Maximilian cringed from such philosophical excesses.

—Mate, you sure went off the deep end there. Now I won't be able to sleep a wink. Therefore, I declare—we need a drink. Gotta sterilise the old noggin from these dastardly thoughts,—he said as he rummaged through his backpack for a bottle.—Fighting suicidal notions with a bit of chemistry.

—Bite your tongue, Maximilian.

—Me? You bite yours. Don’t worry, though. We'll fill your emptiness now, mate,—said Maximilian, filling the ornate shot glasses.—”Realised”, he says, “what needs to be done”! Unbeli—

—To Tulubaika! Need to return to Tulubaika, Maximilian. Lord have mercy. "Suicide"...—Benjamin Patrikovich said in a voice electrocuted with emotion and bit off another thirty-three degrees from the bublik.

A shiver scraped across the back of Maximilian's head again. He looked at Benjamin Patrikovich, how his jaws move, creak, grind his bublik, and held out one of the shot glasses to him.

—No alcohol, Maximilian,—Benjamin Patrikovich answered, chomping.—I’ve enough spirit of my own.

—Oh, come one, mate, there's barely a louse's worth of alcohol in there,—Maximilian laughed, showing the bottle to Benjamin Patrikovich.—You haven't tried anything like this yet—my granny's recipe, an infusion of pine resin, frog skins, and the secret ingredient.

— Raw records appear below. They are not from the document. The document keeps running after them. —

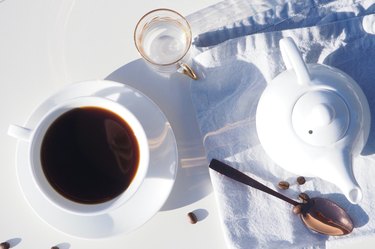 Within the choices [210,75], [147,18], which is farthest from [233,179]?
[147,18]

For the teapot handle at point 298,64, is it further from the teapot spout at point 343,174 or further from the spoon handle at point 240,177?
the spoon handle at point 240,177

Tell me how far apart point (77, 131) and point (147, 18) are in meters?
0.24

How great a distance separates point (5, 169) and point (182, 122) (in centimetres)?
33

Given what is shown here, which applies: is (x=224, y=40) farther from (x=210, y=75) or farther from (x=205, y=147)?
(x=205, y=147)

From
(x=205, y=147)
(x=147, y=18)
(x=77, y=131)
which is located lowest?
(x=205, y=147)

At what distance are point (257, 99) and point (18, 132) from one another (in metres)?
0.41

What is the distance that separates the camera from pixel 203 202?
0.98m

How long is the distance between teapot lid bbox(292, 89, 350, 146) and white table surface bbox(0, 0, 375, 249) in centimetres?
25

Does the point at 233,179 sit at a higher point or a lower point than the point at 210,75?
lower

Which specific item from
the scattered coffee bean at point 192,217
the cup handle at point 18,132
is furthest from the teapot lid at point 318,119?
the cup handle at point 18,132

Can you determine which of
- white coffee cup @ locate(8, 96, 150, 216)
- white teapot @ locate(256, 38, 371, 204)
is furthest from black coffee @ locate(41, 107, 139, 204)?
white teapot @ locate(256, 38, 371, 204)

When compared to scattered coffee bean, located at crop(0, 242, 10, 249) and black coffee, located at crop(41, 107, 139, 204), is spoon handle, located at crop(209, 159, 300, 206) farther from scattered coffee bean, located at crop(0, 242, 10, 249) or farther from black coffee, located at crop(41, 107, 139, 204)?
scattered coffee bean, located at crop(0, 242, 10, 249)

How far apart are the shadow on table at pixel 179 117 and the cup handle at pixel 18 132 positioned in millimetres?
198

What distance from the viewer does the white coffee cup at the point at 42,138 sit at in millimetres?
856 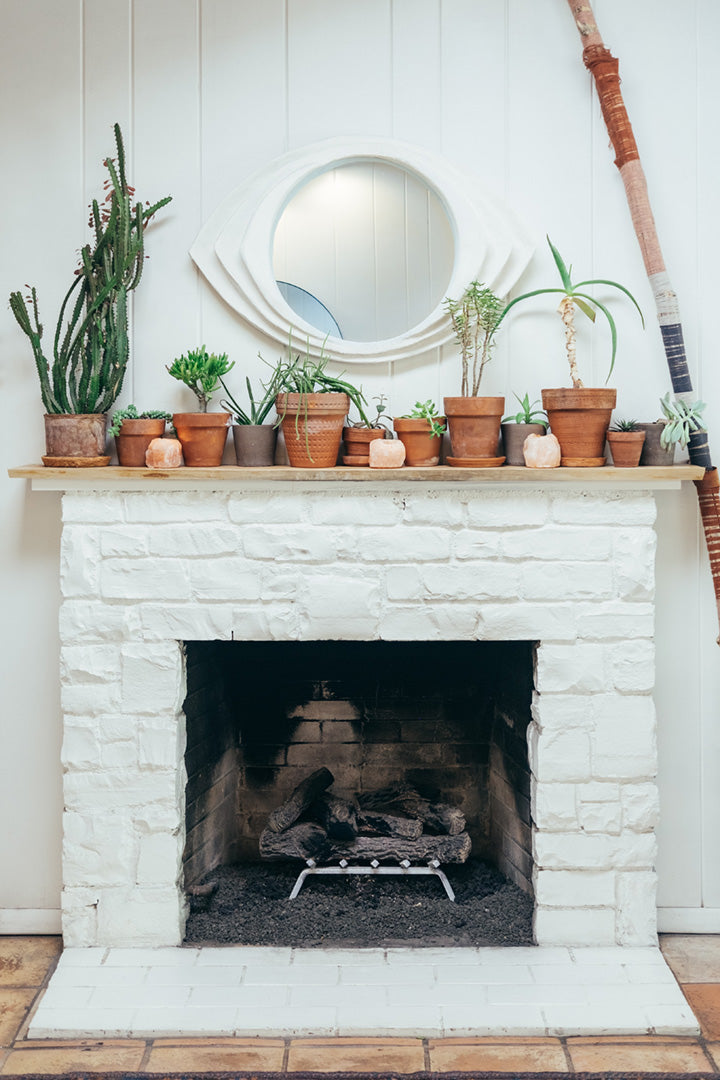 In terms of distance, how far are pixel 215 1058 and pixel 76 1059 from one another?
28 centimetres

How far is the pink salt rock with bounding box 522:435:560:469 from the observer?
2.20 meters

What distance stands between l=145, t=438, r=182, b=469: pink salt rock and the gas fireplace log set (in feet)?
3.16

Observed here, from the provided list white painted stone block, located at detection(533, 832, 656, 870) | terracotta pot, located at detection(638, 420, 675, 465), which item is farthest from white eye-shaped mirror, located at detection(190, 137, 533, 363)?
white painted stone block, located at detection(533, 832, 656, 870)

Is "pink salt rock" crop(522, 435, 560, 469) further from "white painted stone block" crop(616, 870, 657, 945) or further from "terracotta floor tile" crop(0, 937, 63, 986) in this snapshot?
"terracotta floor tile" crop(0, 937, 63, 986)

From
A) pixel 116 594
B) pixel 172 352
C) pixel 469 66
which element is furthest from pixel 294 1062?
pixel 469 66

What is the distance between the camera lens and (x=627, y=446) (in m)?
2.21

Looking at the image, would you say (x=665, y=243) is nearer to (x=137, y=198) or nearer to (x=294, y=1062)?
(x=137, y=198)

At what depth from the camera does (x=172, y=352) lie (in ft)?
7.73

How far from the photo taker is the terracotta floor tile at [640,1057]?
1.92 meters

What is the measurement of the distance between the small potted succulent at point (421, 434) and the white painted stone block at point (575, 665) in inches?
20.2

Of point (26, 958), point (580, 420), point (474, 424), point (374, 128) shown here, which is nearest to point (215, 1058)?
point (26, 958)

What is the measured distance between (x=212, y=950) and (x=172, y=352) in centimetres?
141

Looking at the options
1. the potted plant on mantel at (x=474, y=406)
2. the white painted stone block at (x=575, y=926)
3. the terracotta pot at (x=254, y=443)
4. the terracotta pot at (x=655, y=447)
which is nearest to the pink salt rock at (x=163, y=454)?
the terracotta pot at (x=254, y=443)

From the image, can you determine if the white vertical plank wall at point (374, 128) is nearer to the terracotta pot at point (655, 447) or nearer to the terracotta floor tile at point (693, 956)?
the terracotta pot at point (655, 447) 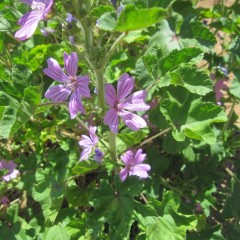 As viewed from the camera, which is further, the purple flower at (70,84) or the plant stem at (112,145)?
the plant stem at (112,145)

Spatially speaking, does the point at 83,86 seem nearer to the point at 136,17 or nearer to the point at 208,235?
the point at 136,17

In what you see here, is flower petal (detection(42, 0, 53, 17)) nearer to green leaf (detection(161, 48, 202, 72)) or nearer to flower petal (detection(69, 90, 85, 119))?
flower petal (detection(69, 90, 85, 119))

Family recipe. Do you know how hard it is to get frogs nowadays? I won't even mention the secret ingredient. One sip, and your troof will strip naked before you. The main thing is not to go blind from what you see, however. Our Tulubaika folk know their stuff. Let's knock one back, and the road might just open up before us, aye? Everything in the world is connected, after all. The Tulubaika recipe knows the way home. It's how I go. Without it—I would've been lost long ago.

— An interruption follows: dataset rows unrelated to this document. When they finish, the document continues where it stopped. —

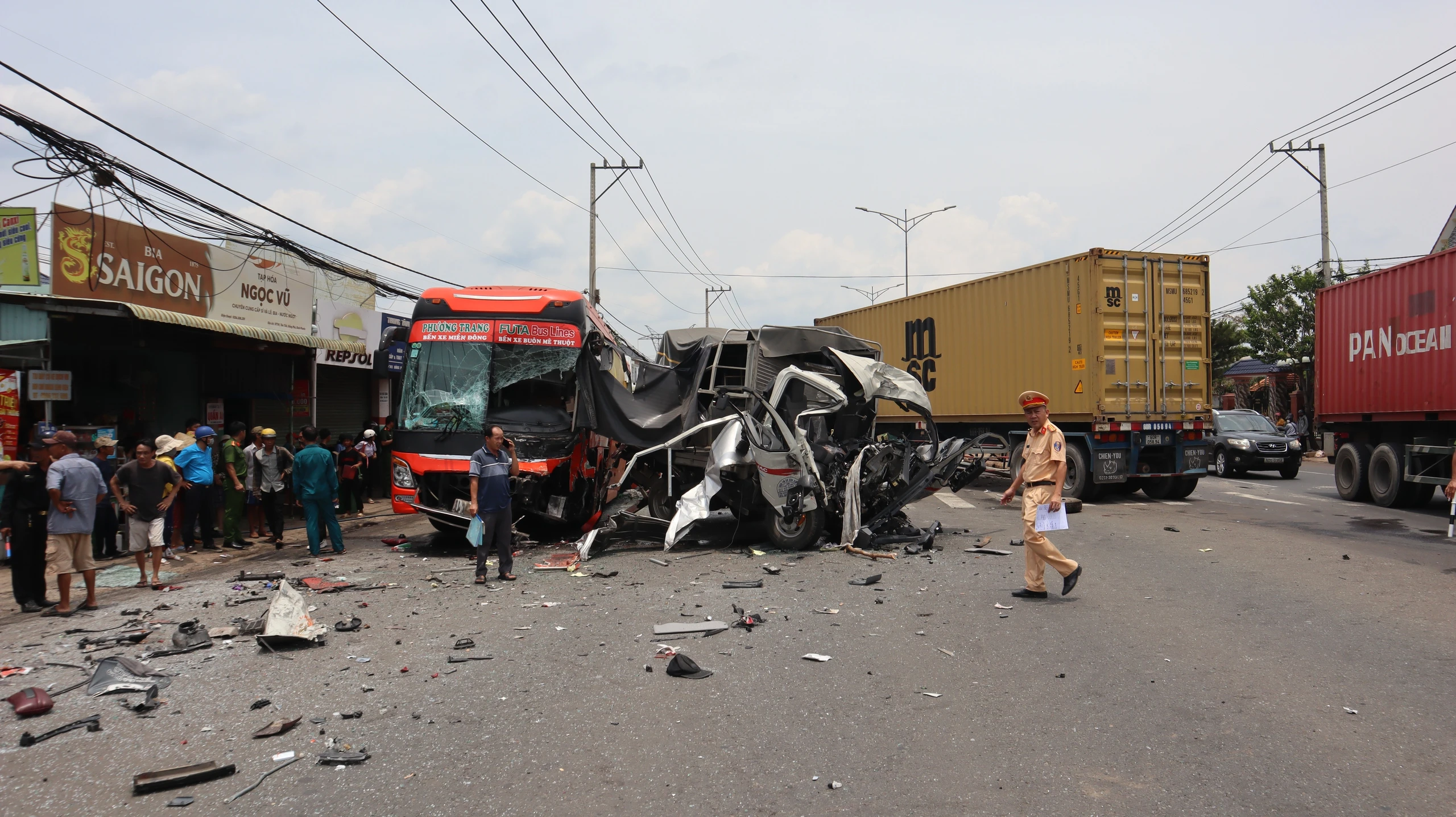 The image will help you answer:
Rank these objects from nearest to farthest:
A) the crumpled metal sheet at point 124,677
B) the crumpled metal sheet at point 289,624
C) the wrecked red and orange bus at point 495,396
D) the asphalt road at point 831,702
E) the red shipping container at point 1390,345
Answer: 1. the asphalt road at point 831,702
2. the crumpled metal sheet at point 124,677
3. the crumpled metal sheet at point 289,624
4. the wrecked red and orange bus at point 495,396
5. the red shipping container at point 1390,345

Benjamin Patrikovich looked at the bottle where blackened frog skins and other unknown matter floated in the murky waters, grimaced, fell silent, twisted his thought into a knot. In the end, he waved his hand at it.

—Just one, perhaps,—Benjamin Patrikovich mumbled and took the glass.

Maximilian cheerfully raised his drink in the air, scratched the back of' his head with the other hand, and said:

—We need a toast! You go.

Benjamin Patrikovich hesitated, inhaled-exhaled, melancholically glanced through the liquid, and spoke:

—Some things, Maximilian, are only visible from afar. We humans have very developed farsightedness. Until you step back far enough—you won't see the bigger picture.

—Well, to farsightedness!

Benjamin Patrikovich nodded. The glasses clinked, the infusion streamed down their throats.

—Ooh, sheer ecstasy. Haven't had this in a long time.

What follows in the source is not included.